Generalized energy-efficient algorithms for the RFID estimation problem

  • Authors:
  • Tao Li;Samuel S. Wu;Shigang Chen;Mark C. K. Yang

  • Affiliations:
  • Department of Computer & Information Science & Engineering, University of Florida, Gainesville, FL;Department of Epidemiology and Health Policy Research and the Department of Statistics, University of Florida, Gainesville, FL;Department of Computer & Information Science & Engineering, University of Florida, Gainesville, FL;Department of Statistics, University of Florida, Gainesville, FL

  • Venue:
  • IEEE/ACM Transactions on Networking (TON)
  • Year:
  • 2012

Quantified Score

Hi-index 0.00

Visualization

Abstract

Radio frequency identification (RFID) has been gaining popularity for inventory control, object tracking, and supply-chain management in warehouses, retail stores, hospitals, etc. Periodically and automatically estimating the number of RFID tags deployed in a large area has many important applications in inventory management and theft detection. Prior works focus on designing time-efficient algorithms that can estimate tens of thousands of tags in seconds. We observe that for an RFID reader to access tags in a large area, active tags are likely to be used due to their longer operational ranges. These tags are battery-powered and use their own energy for information transmission. However, recharging batteries for tens of thousands of tags is laborious. Hence, conserving energy for active tags becomes critical. Some prior works have studied how to reduce energy expenditure of an RFID reader when it reads tag IDs. We study how to reduce the amount of energy consumed by active tags during the process of estimating the number of tags in a system.
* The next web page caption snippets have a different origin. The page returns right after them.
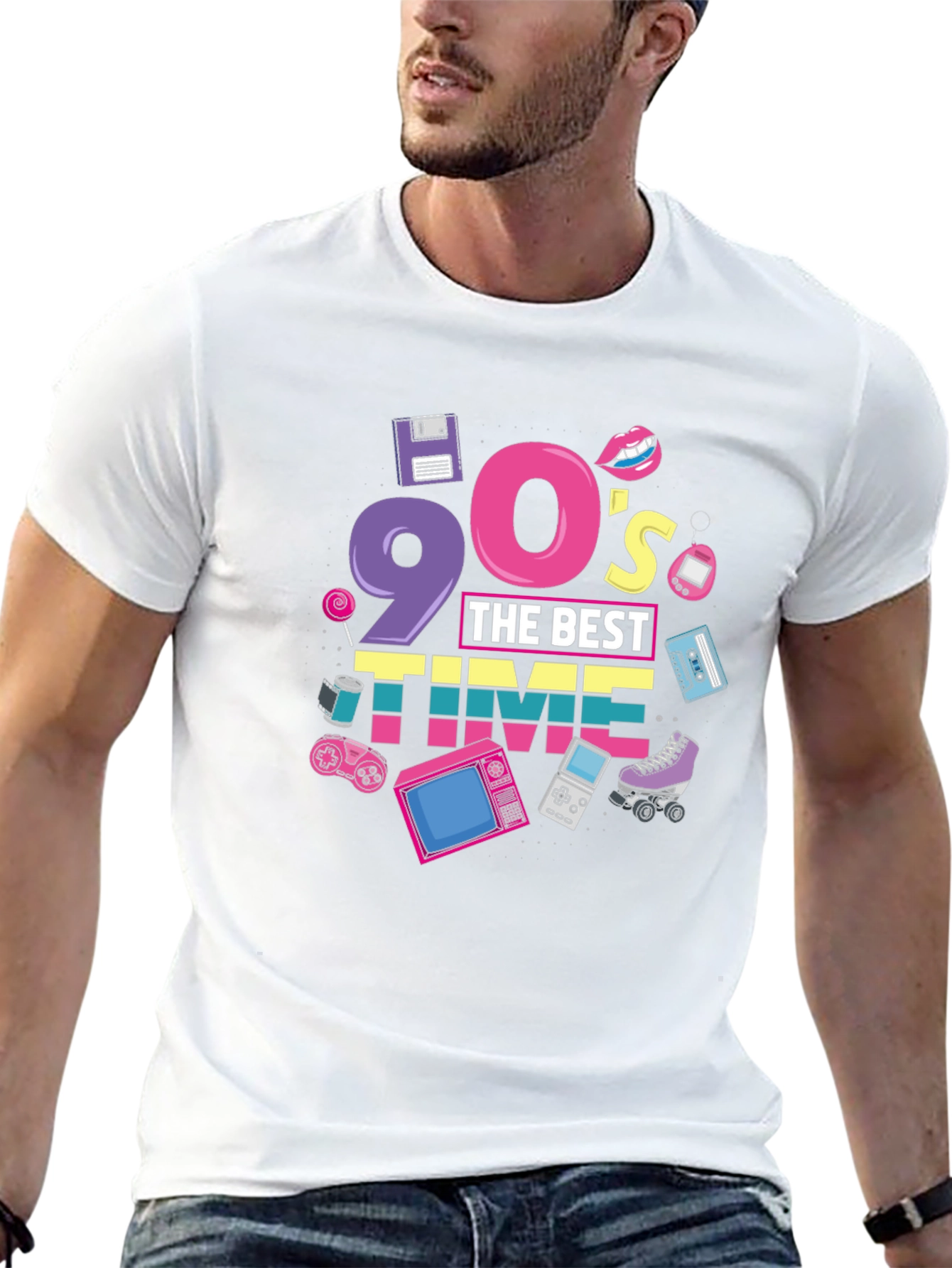90s The Best Time Black T-Shirt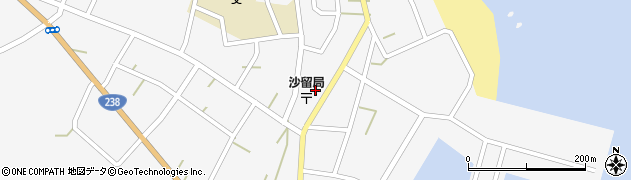 北海道興部町（紋別郡）沙留（港町）周辺の地図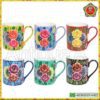 Mug – Handpainted Ceramic Floral (Standard)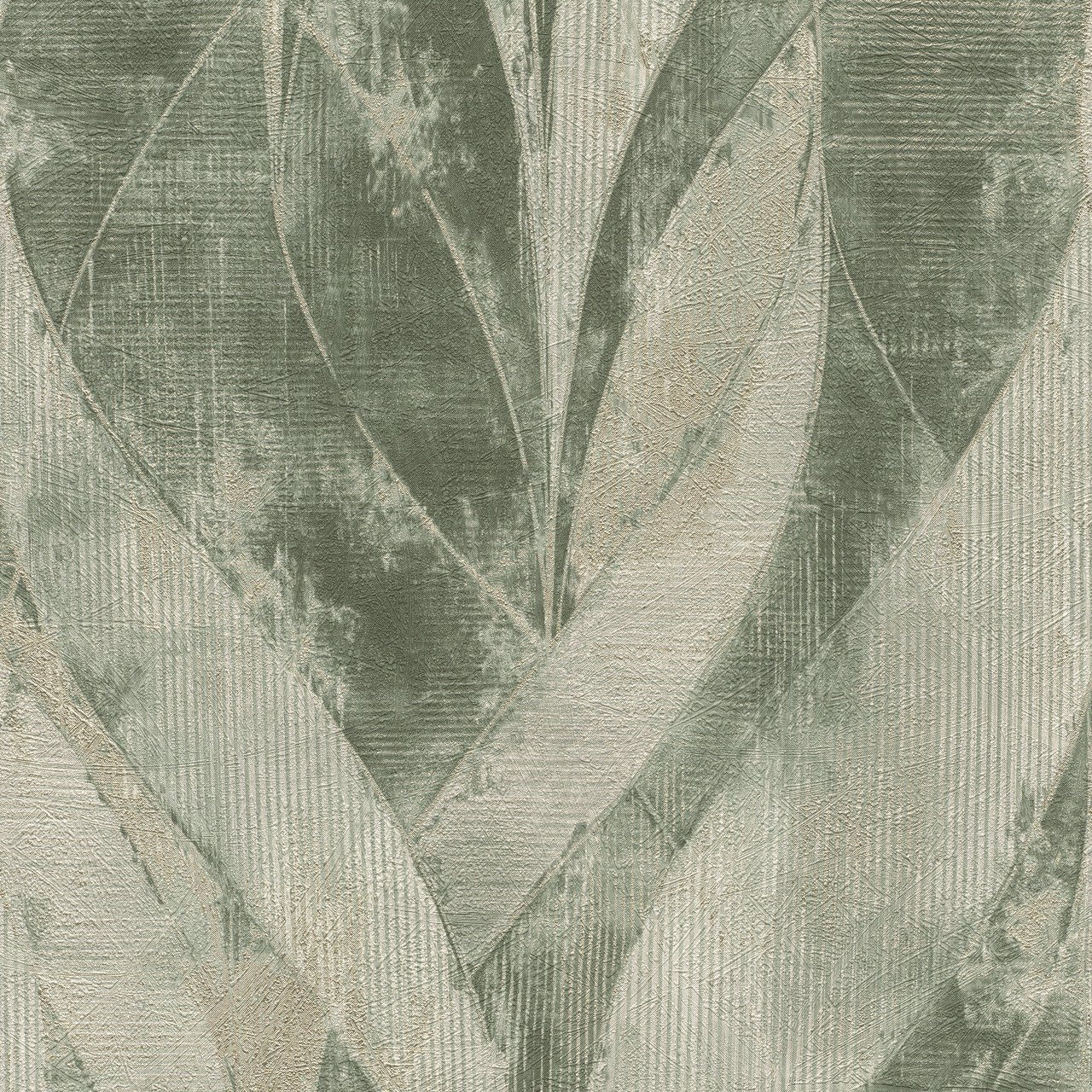 Emporium III Wallpaper - Green/Gold - Rasch - 520057 - Premier Wallcovering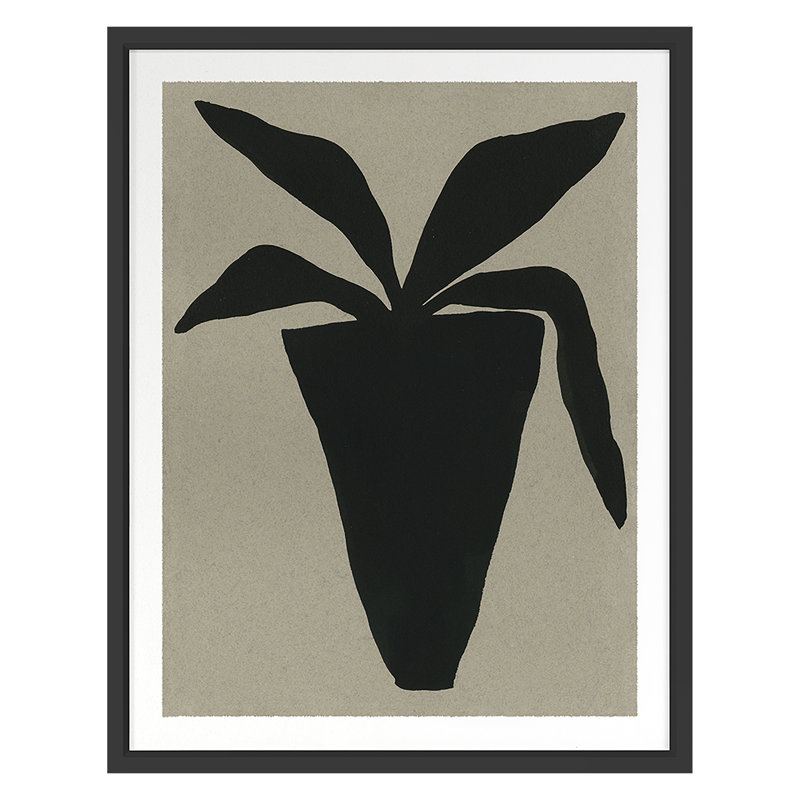 Teenie Ink 4 Print by Kate Roebuck, Black Framed, 25" H x 20" W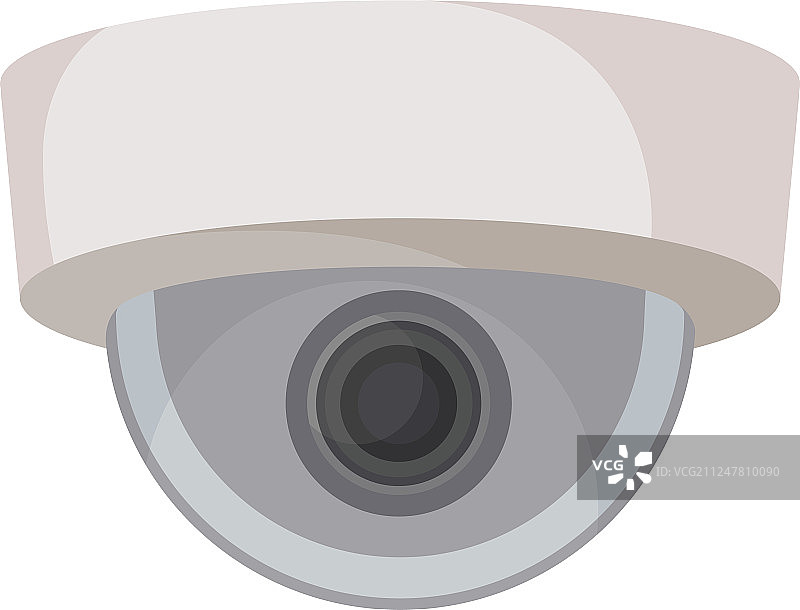 摄像机和安全控制闭路电视概念图片素材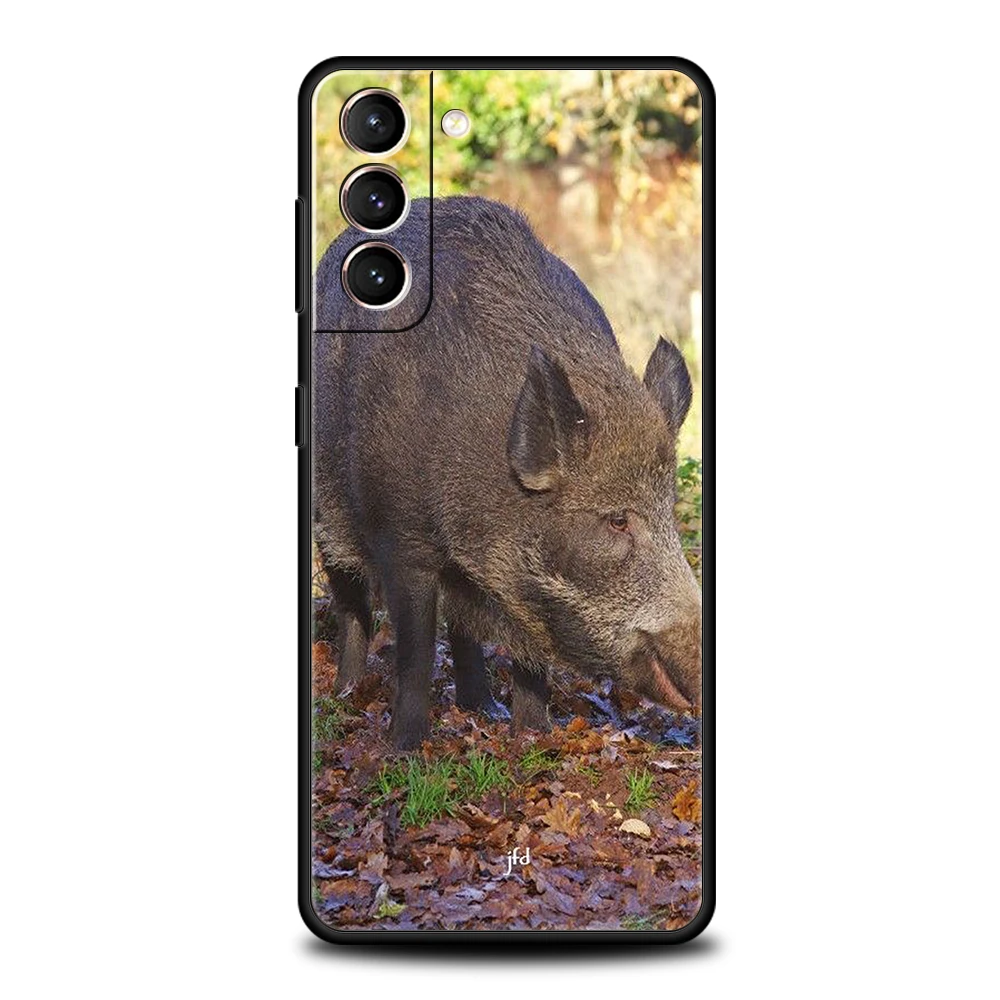 Funda de teléfono Animal jabalí para Samsung Galaxy S25 S24 S23 S22 Ultra S20 S21 FE 5G S10 S9 Plus S10E, funda suave de TPU - imagen 4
We design two energy-efficient probabilistic estimation algorithms that iteratively refine a control parameter to optimize the information carried in transmissions from tags, such that both the number and the size of transmissions are reduced. These algorithms can also take time efficiency into consideration. By tuning a contention probability parameter ω, the new algorithms can make tradeoff between energy cost and estimation time.